ICYMI: Public Option ‘Would Guarantee Massive Disruptions’
WASHINGTON – As some presidential candidates try to paint one-size-fits-all new government health insurance systems – like Medicare buy-in and the public option – as “moderate” alternatives to Medicare for All, Eric Levitz at New York Magazine notes that in reality these new government-controlled systems “would not allow all Americans to ‘keep their private insurance if they prefer it’” and “would guarantee massive disruptions to private coverage.”
… To extend quality coverage to the millions of Americans who are uninsured or underinsured, you either need to force providers to accept drastically lower payment rates … or increase federal spending on health care … The estimated price tag on [Senator Bernie Sanders’s (I-VT)] plan is (infamously) $32.6 trillion a decade … A plan that sought to provide universal, comprehensive health coverage – without disrupting private insurers or imposing big pay cuts on hospitals and doctors – would be vastly more expensive … Biden’s [public option] will not allow most Americans to “keep their private insurance,” at least, not for long … And to make the public option fiscally sustainable … [public option supporters] would need to propose tax increases nearly as large as those put forward by Sanders and Warren.

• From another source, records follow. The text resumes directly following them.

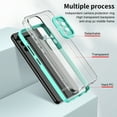 thumbnail image 3 of SaniMore for Samsung Galaxy A53 5G Case Slim Transparent [Not Yellowing Technology], Rugged PC & TPU Bumpers Built-in Detachable Lens Protector Shockproof Protective Cover, Green, 3 of 7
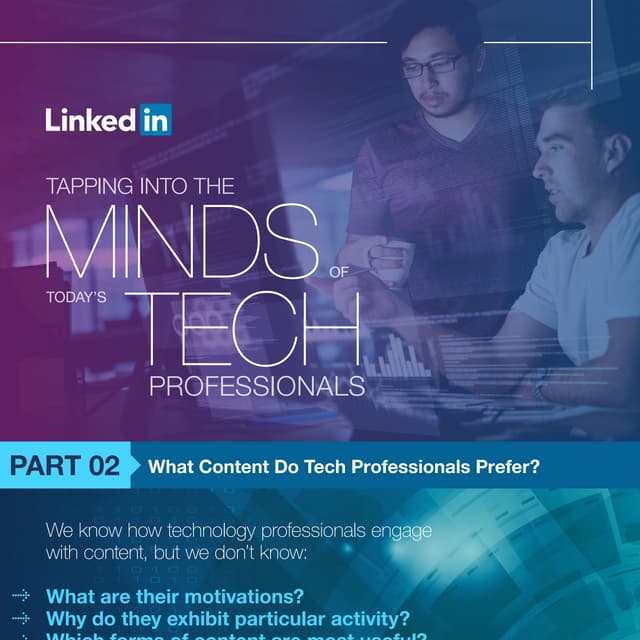 What Content Do Tech Professionals Prefer? [Infographic]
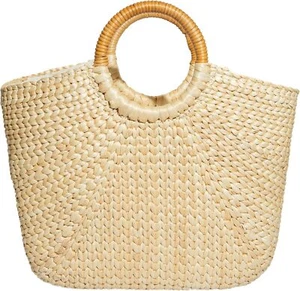Summer Rattan Bag, Straw Bag For Womens Girls, Handwoven Handbag With... - Picture 1 of 5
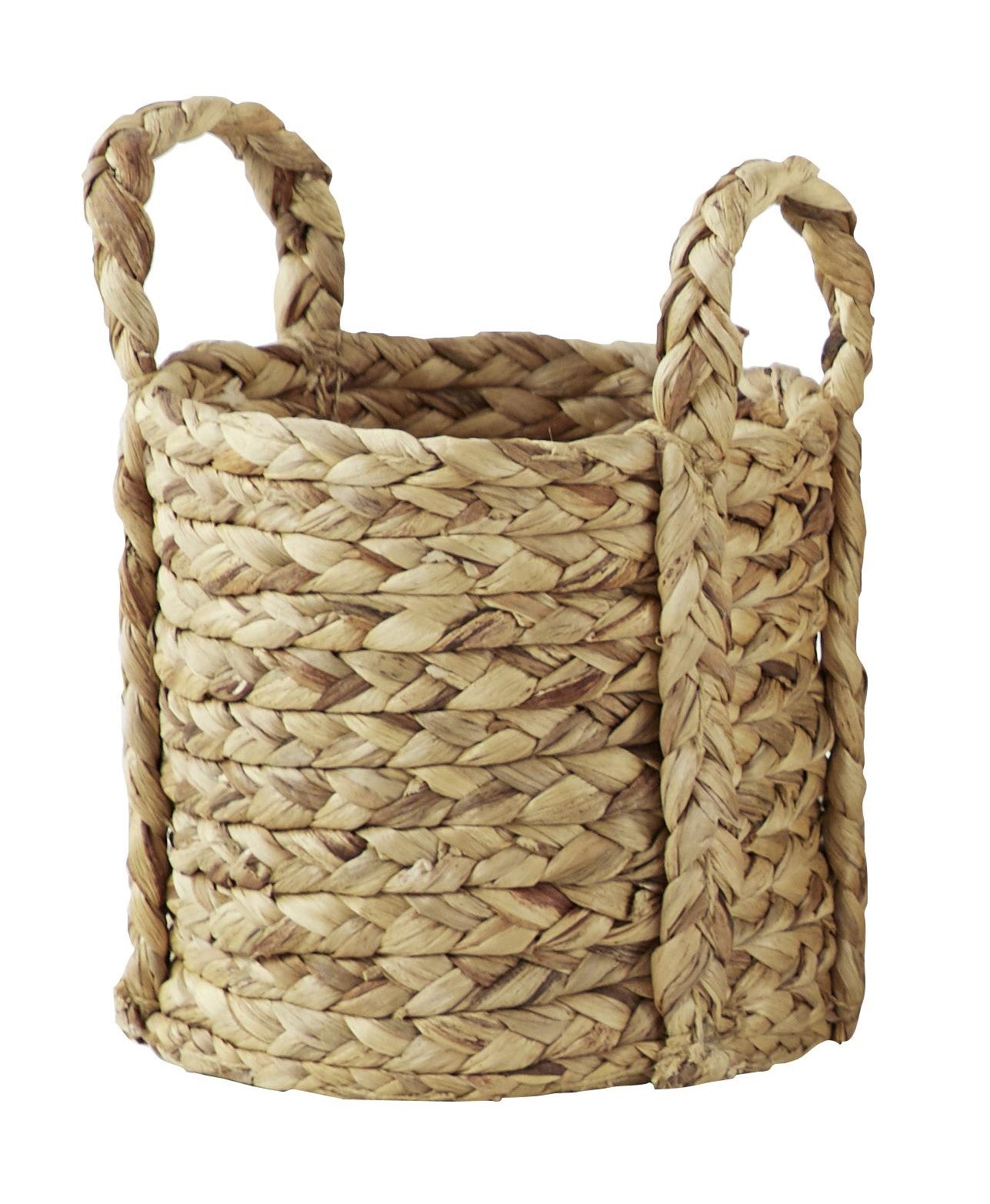 CESTA CUADRADA AGARRADERA NATURAL
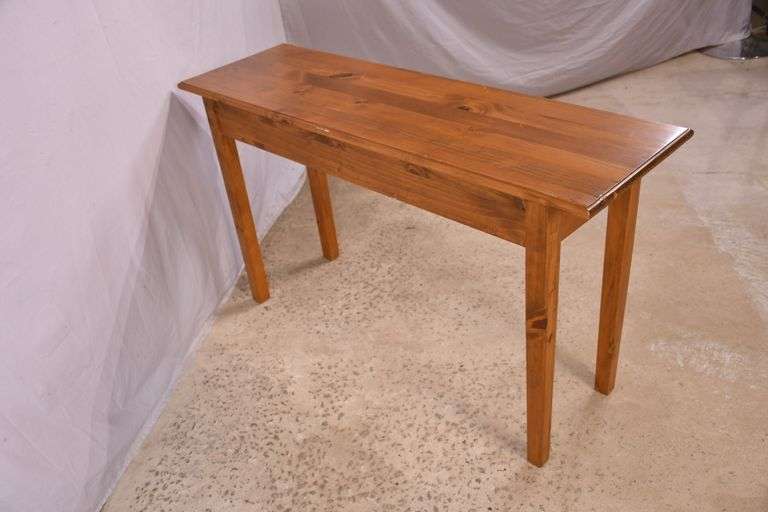 Pine 2 drawer sofa table; 68-5303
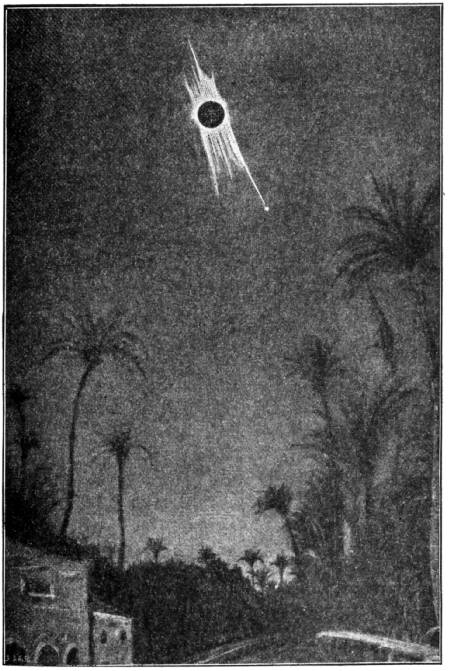 Fig. 78.—Total eclipse of the Sun, May 28, 1900, as observed from Elche (Spain).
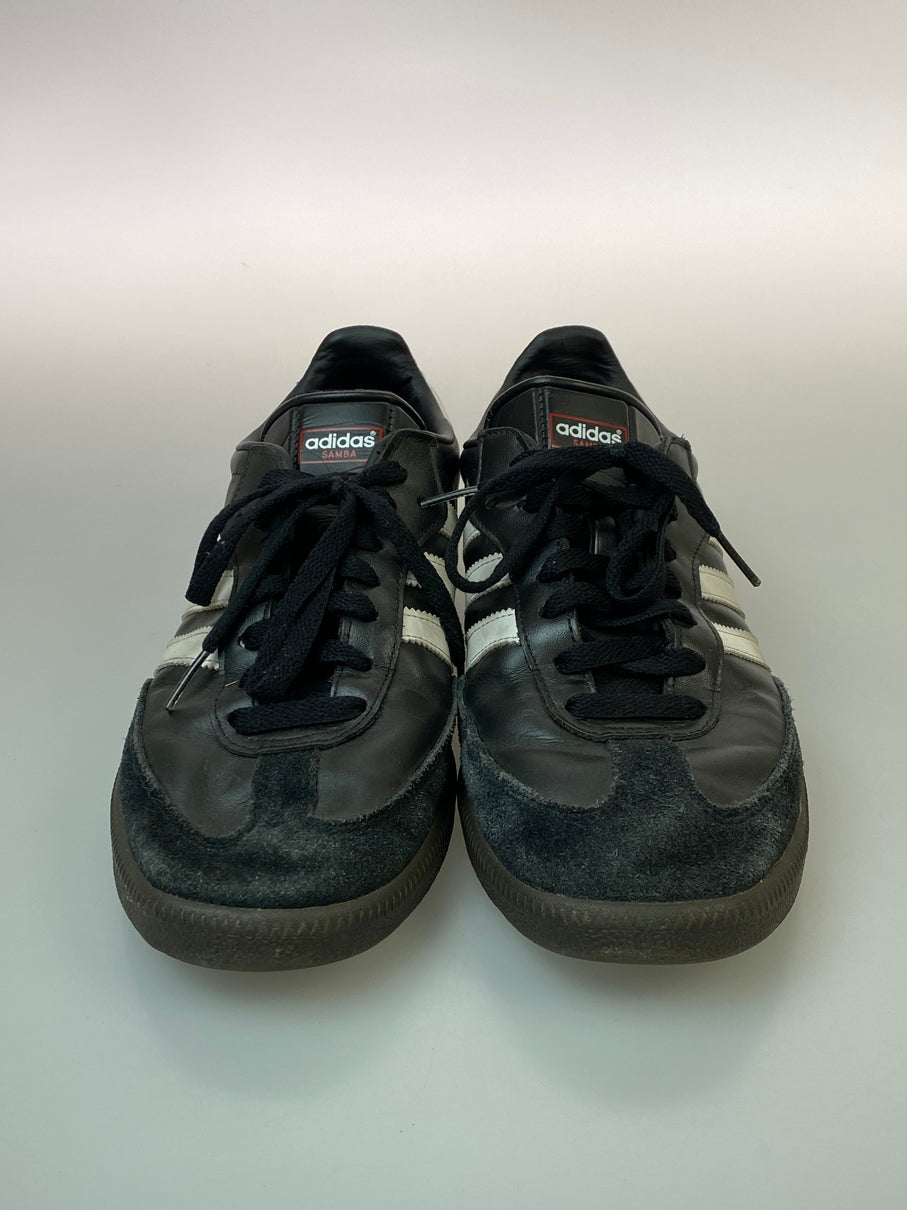 【中古品】【メンズ】 ADIDAS アディダス SAMBA LEATHER BLACK A019000 サンバ レザー コアブラック スニーカー メンズ シューズ 靴 161-260830-em-32-min サイズ：27.0 カラー：ブラック 万代Net店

… All of which is to say, when Medicare for All Who Want It stops being a campaign pitch, and becomes a bill before Congress, it will face almost all of the same political obstacles as single-payer … [The public option] will require Congress to vote to (effectively) abolish the private insurance industry as we’ve known it, slash doctors’ salaries and hospitals profits, enact hefty tax increases, and disrupt the existing insurance coverage of millions of Americans.
As The New York Times reported recently, the public option “could be plenty disruptive” and “tilt in the same direction” as Medicare for All. This is backed up by the findings of a new study, conducted by FTI Consulting for the Partnership for America’s Health Care Future, which reveals that the public option could eliminate consumer choice for millions of Americans and “eventually cause the elimination of all private plans in the individual market.” The study finds:
- After the first 10 years of the public option, more than seven million current enrollees would no longer have private coverage through the marketplaces – with two million of those enrollees being forced off their private plans as insurers exit the marketplaces altogether.
- The study also warns that the public option could eventually cause the elimination of all private plans in the individual marketplaces, eliminating choice for millions of Americans, even those with the resources or subsidies available to cover their preferred plan.
- In fact, the report finds that by 2050, 70 percent of state marketplaces (34 U.S. states) would no longer offer a single private insurance option.
- Rural families would be especially hard hit by the public option, the study warns, and could find few if any options available to them.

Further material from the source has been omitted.